It’s true that for much of his career, Diamond was considered (at least) one step behind the times. As a Brooklyn kid who dropped out of his pre-med studies at New York University to write songs for the Brill Building machine, he was crafting hits for the Monkees (“I’m a Believer,” among others) at a time when they were being mocked as saccharine pretenders to the Beatles’ throne.

He arrived as a solo artist in the late ’60s, at a time when record companies were infatuated with British bands. As rock music grew heavier in the ’70s, Diamond’s became softer, and even his epic live shows were easily mocked — the “Jewish Elvis,” he was dubbed — for his emotive earnestness and his wardrobe of gaudy, sequined shirts.

“From the first guitar riff of this profit-taking double live showcase,” the influential critic Robert Christgau wrote of “Hot August Night,” Diamond’s landmark 1972 live album, “it’s obvious that the man is some sort of genius rock entertainer, but for the most part the great entertainer is striving for bad art and not even achieving it.”

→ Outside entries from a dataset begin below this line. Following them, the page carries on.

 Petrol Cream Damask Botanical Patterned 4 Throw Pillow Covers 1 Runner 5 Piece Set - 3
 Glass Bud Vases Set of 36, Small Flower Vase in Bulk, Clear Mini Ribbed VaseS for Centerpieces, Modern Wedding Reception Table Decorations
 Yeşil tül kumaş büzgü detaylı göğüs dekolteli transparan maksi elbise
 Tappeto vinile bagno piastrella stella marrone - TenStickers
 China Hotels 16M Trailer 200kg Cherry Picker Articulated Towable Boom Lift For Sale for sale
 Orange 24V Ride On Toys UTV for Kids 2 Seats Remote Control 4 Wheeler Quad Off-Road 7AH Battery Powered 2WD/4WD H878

“I’ve been kind of battling that throughout my career,” Diamond says now. “And I think it probably reinforced my feelings about — focus on the work, and not on all the chatter going on around the business and the media.”

For decades, Diamond contented himself with selling gazillions of records, filling arenas worldwide (he was the highest-grossing live act in pop music as recently as the 1990s) and owning the adult-contemporary charts (37 top-10 singles since 1969, according to Billboard, second only to Elton John).